Zugänge auf das Werksgelände

Als die Gewerkschaft Deutscher Kaiser das Werk Bruckhausen errichtete und ein benachbartes Wohnquartier entstand, war das Gelände plötzlich geteilt: Im nördlichen Teil befand sich das Walzwerk, im Süden der Hochofen und die Schachtanlage. Durch die Verlegung der Straße unter die Erde entstand ein Tunnel, durch den auch die Straßenbahn fuhr und von wo die Arbeiter auch unterirdische Zugänge auf das Werksgelände hatten. Zudem bedeutete der Tunnel Schutz für Fuhrwerke und Passanten vor heißem Staub aus dem Werk. Hinter dem Ostportal gab es früher einen parallel zum Haupttunnel gelegenen, schmalen Fußgängertunnel. Als das alte Dorf Alsum 1965 schließlich aufgegeben wurde, verlor der Matena-Tunnel einen Teil seiner Bedeutung. Damals wurde auch die Straßenbahnverbindung eingestellt.

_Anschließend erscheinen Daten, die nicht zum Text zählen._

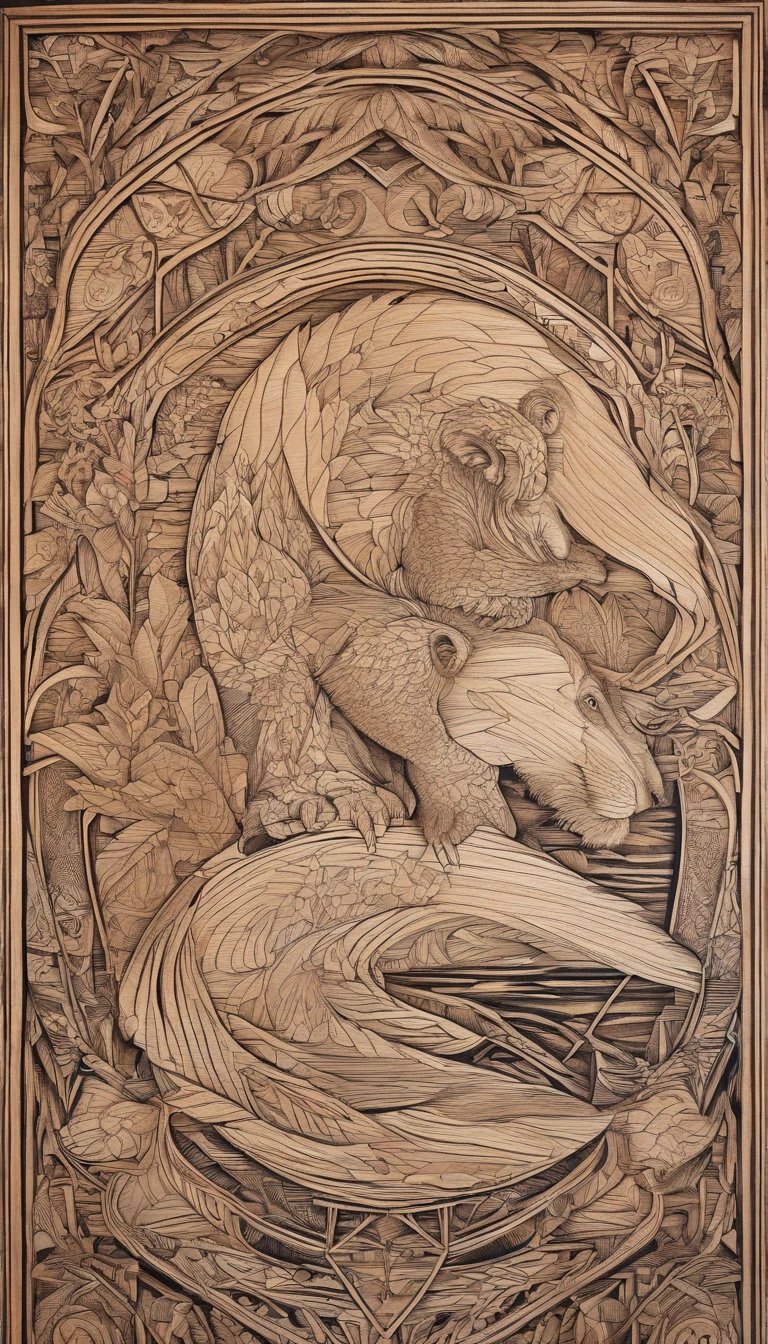 Wood-burned, etched artwork. Can also make interesting wooden detailed objects: A Monkeys. 4 panels with different poses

Heute ist der Tunnel nur noch von geringer Bedeutung für den Verkehr. Industriegeschichtlich ist er aber so bedeutend, dass er unter Denkmalschutz gestellt werden soll. Er steht für eine Vergangenheit des Duisburger Nordens, die sonst kaum mehr greifbar ist: Von der Bauernschaft Bruckhausen ist nichts mehr übrig geblieben; das alte Fischerdorf Alsum, 1139 erstmals urkundlich erwähnt, musste der Industrie weichen und ist vollständig verschwunden. Der "fortdauernde industrielle Transformationsprozess im Duisburger Norden", so heißt es in der Vorlage für die Bezirksvertretung, sei nicht mehr erlebbar.

Alsum hatte 1933 noch 3360 Einwohner und wurde während des Krieges in den Jahren 1944 / 1945 schwer beschädigt. Die historische Bedeutung, aber auch die Ausgestaltung des Matena-Tunnels und städtebauliche Gründe sind nach Ansicht des Denkmalschutzamtes Grund genug, den Tunnel unter Schutz zu stellen. In ihrer heutigen Sitzung wird sich die Bezirksvertretung Meiderich / Beeck mit diesem Thema befassen.

Der Tunnelbau im 19. und 20. Jahrhundert wurde vor allem durch Eisenbahntunnel geprägt. Daneben gab es flussunterquerende Tunnel wie unter der Themse in London oder den Hamburger Elbtunnel. Der Matena-Tunnel sollte eine unterirdische kreuzungsfreie Verbindung schaffen, eine für das beginnende 20. Jahrhundert bedeutsame infrastrukturelle Errungenschaft.